It has been a troubling week for Oxfam. An investigation by The Times has alleged stories of serious sexual misconduct committed by aid workers in Haiti including former country director Roland van Hauwermeiren.
The investigation has led to calls for taxpayer aid to Oxfam to end and the resignation of Deputy Chief Executive Penny Lawrence. Allegations continue to come to light with many corporate donors reconsidering their ties to the charity. International Development Secretary Penny Mordaunt has also announced the charity is to stop bidding for Government funding. Additionally, this crisis has reopened the debate about foreign aid.
The legal commitment from the Government to spend 0.7% of national income on foreign aid has been criticised by many on the right of the Conservative Party and some national newspapers. A recent Daily Express petition headed by Jacob Rees-Mogg and delivered to 10 Downing Street called on the Government to stop the 0.7% target. Both The Sun and The Daily Telegraph have also openly questioned whether the time is now right to scrap the target. The argument is straightforward; our aid is wasted and goes to the wrong people; charity starts at home or simply we can’t afford it.
Scrapping the 0.7% target would be one response to the Oxfam crisis, but it would not be the correct one. Aid is not a perfect science. Too often the money does not get to the right people. There are many things which can be improved about how and where we deliver our aid. It is also right that Oxfam are properly investigated and are prevented from bidding for Government funding until they prove they have cleaned up their act. But, please let’s not forget the good our aid can do over the world.
If you don’t believe me, read this article from Will Quince, Conservative MP for Colchester about how aid can save lives or this defence of foreign aid by Scottish Conservative leader Ruth Davidson. It is easy to believe the stereotypes without actually looking at the real life impact aid is having.

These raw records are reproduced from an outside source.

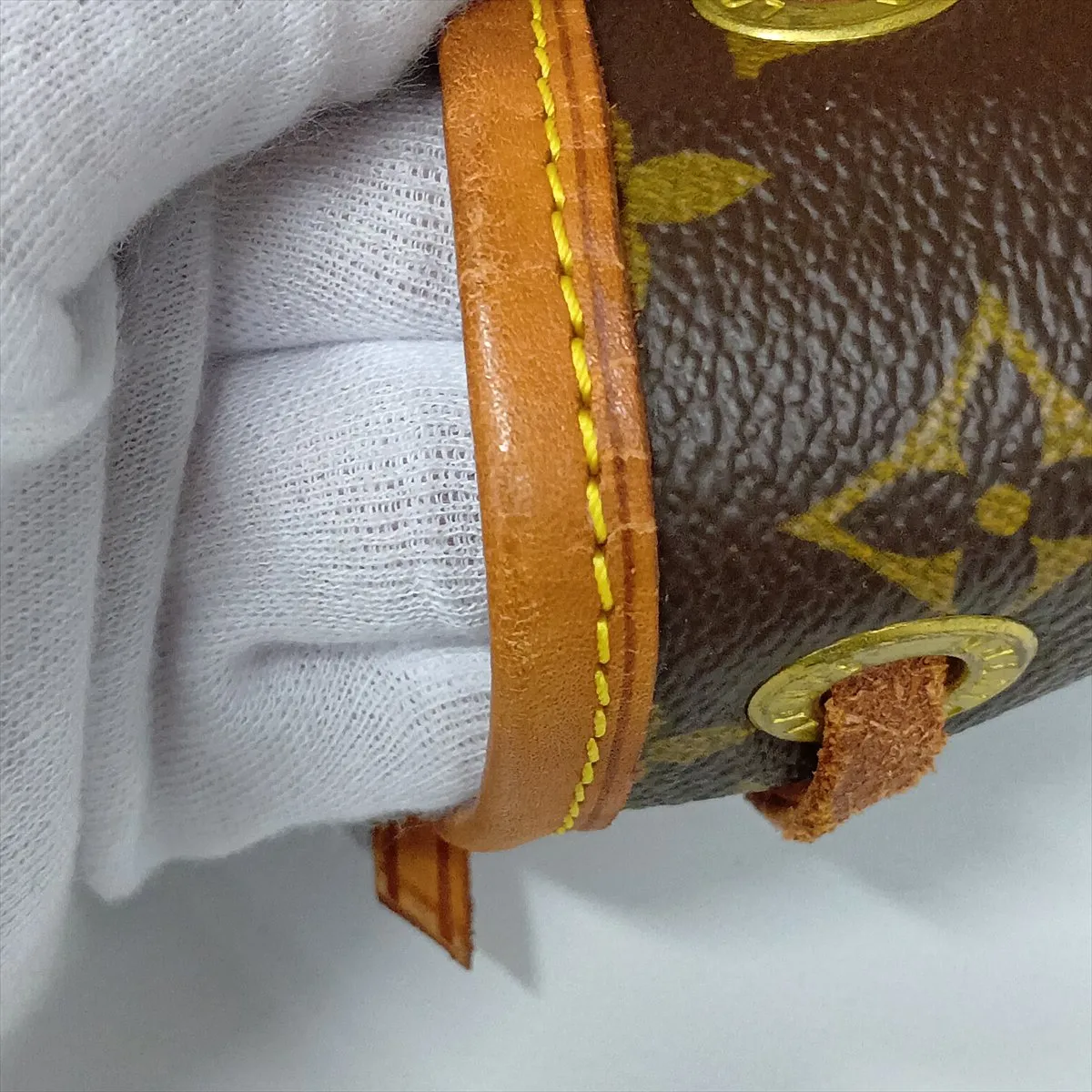 Monogram Montsouris MM M51136 SP0021 Brown — view 12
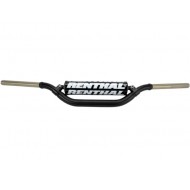 MANILLAR RENTHAL TWINWALL 918 RICKY JOHNSON / CR HAUTE COULEUR NOIR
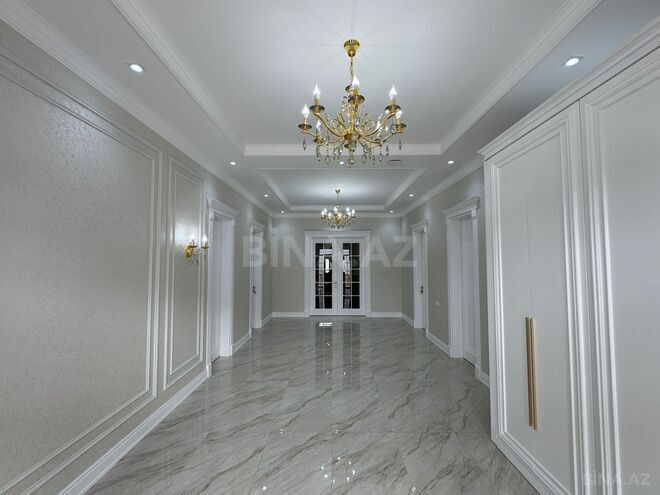 İcarəyə verilir 3 otaqlı həyət evi/bağ evi 200 m², Mərdəkan q., photo 7 from 31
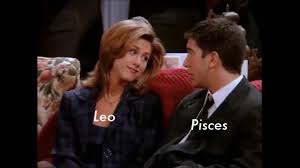 What this does is help pair the main gang with the various zodiac signs. Friends As Zodiac Signs Youtube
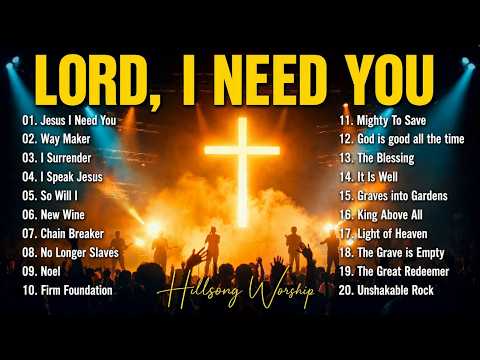 Top Christian Worship Songs 2026 - Hillsong Praise & Worship Music Playlist | Find God’s Peace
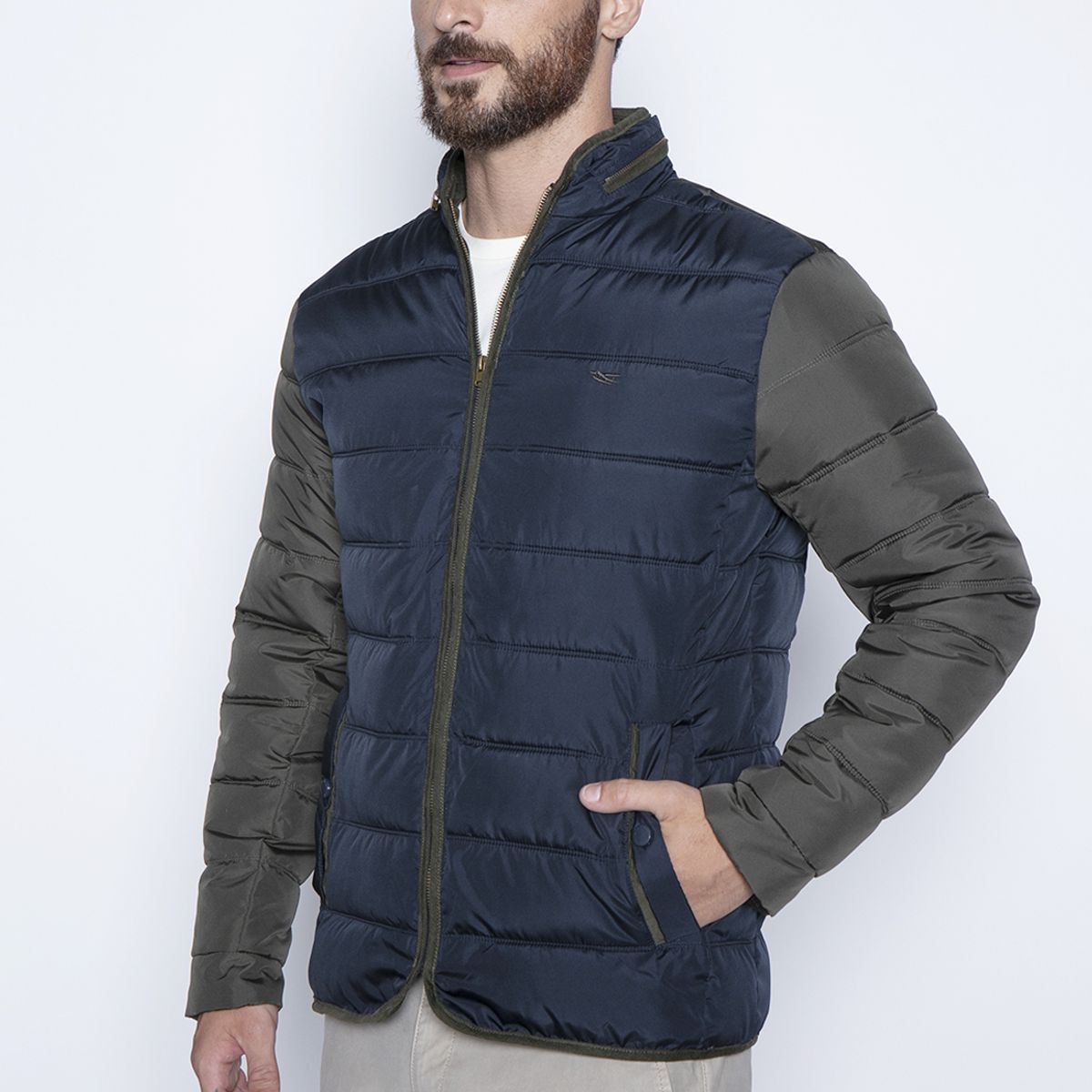 FEROUCH - Chaqueta Bristol F Azul Ferouch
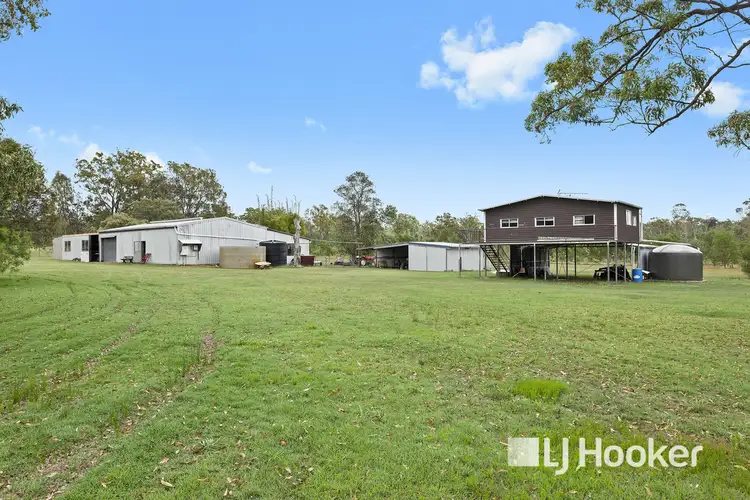 Second view of Homely house listing, 17 Jamieson Road, Churchable QLD 4311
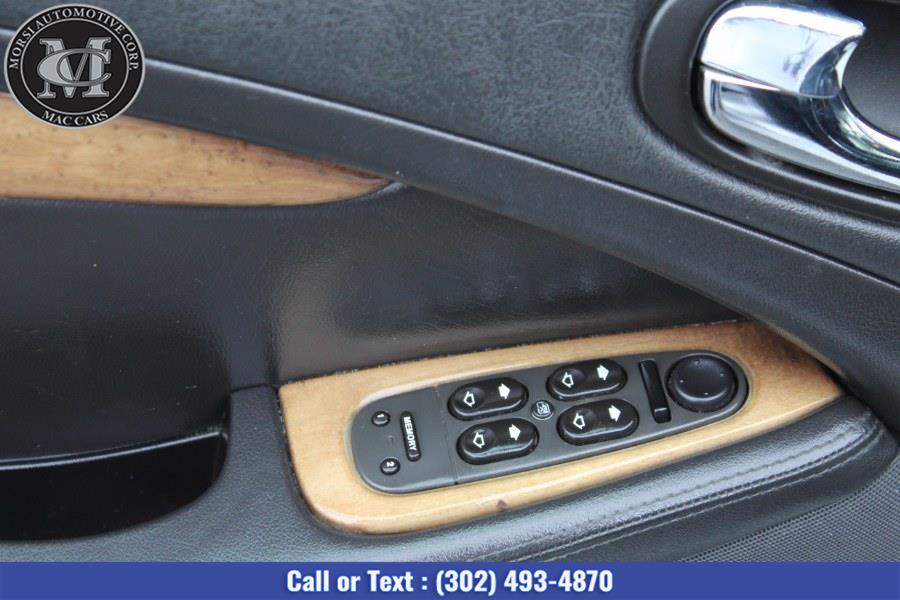 2004 Jaguar S-TYPE 4dr Sdn V6, available for sale in New Castle, Delaware | Morsi Automotive Corporation. New Castle, Delaware 2004 Jaguar S-TYPE 4dr Sdn V6, available for sale in New Castle, Delaware | Morsi Automotive Corporation. New Castle, Delaware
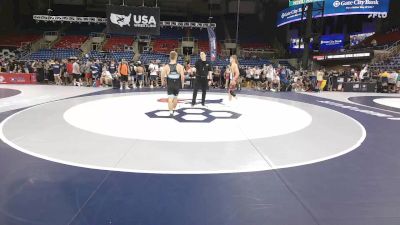 120 lbs Champ. Rd Of 128 - Jameson Thomas, AL vs Joshua Enoch, OR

Any decision to scrap aid would be an insular decision and would be based firmly on the wrong arguments and the wrong conclusions. How we choose as a nation to spend our money says a lot about our priorities. Choosing to spend this money on those in need and more vulnerable than ourselves is something we should be proud of. And although it is not fashionable after this week to defend aid, it is still the right thing to do.